6 minute read

This blog introduces the architecture and implementation of a multiplayer Third-Person Shooter (TPS) game demo built with Unreal Engine 5.4 (UE5). The project covers custom character movement, a networked combat system, projectile weapons with server-side lag compensation, and a dynamic HUD — all implemented in C++.

GitHub Repo: EricY019/TPSDemo


Project Overview

The demo supports the following player interactions:

Action Input
Move WASD
Jump Space
Sprint Left Shift (hold)
Slide X
Aim Mouse Right Button (hold)
Fire Mouse Left Button
Equip Weapon E (when overlapping weapon)

The game is fully multiplayer-ready using Unreal Engine’s built-in replication framework.


Architecture

The codebase is organized into the following major classes:

ADemoCharacter            - Main player character (ACharacter)
├── UCombatComponent      - Handles weapon equipping, aiming, firing
└── UDemoCharacterMovementComponent - Custom movement (sprint, slide)
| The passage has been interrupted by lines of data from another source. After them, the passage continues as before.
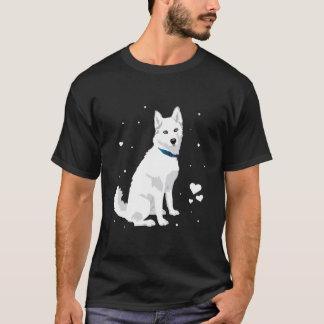 かわいいシベリアのハスキー甘い白い雪の犬 Tシャツ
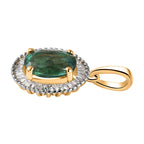 AAA Kagem Zambian Emerald, weißer Diamant Anhänger 585 Gold ca. 1.45 ct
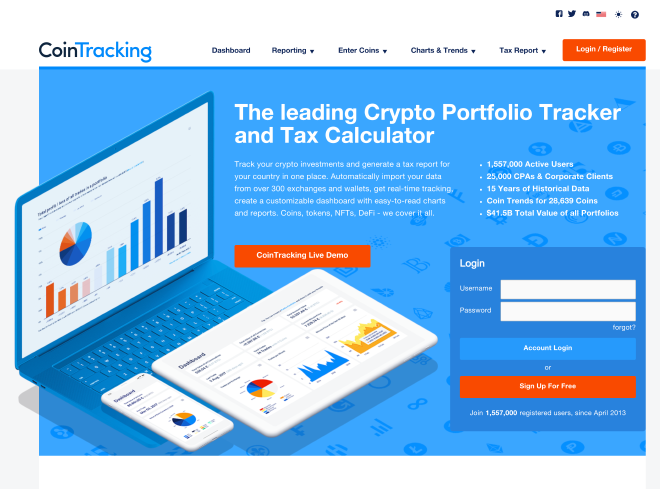 Screenshot of CoinTracking website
AWeapon                   - Base weapon actor
└── AProjectileWeapon     - Projectile-based weapon (extends AWeapon)
    └── AProjectile       - Individual projectile actor

ADemoHUD                  - HUD (draws dynamic crosshairs)
ADemoGameMode             - Handles player elimination and respawn
ADemoPlayerController     - Player controller (updates HUD health bar)

Custom Character Movement: Sprint & Slide

One of the more interesting engineering challenges in multiplayer games is implementing custom movement modes that work correctly with Unreal’s client-side prediction system.

Why Custom Movement Needs Special Treatment

In a networked game, the server is authoritative. UE5’s CharacterMovementComponent uses a saved move mechanism: the client records each frame’s move, sends it to the server, and the server re-simulates it. If any custom state (e.g., “is sprinting?”) is not packed into the saved move, the client and server will desynchronize.

The FSavedMove_Demo Pattern

DemoCharacterMovementComponent extends UCharacterMovementComponent and introduces a nested FSavedMove_Demo:

class FSavedMove_Demo : public FSavedMove_Character
{
public:
    uint8 Saved_bWantsToSprint:1;
    uint8 Saved_bWantsToSlide:1;

    virtual uint8 GetCompressedFlags() const override;
    virtual void SetMoveFor(...) override;  // safe -> saved
    virtual void PrepMoveFor(...) override; // saved -> safe
};

The two boolean states (Safe_bWantsToSprint, Safe_bWantsToSlide) are packed into FLAG_Custom_0 and FLAG_Custom_1 of the compressed move flags, which are then transmitted to the server each tick.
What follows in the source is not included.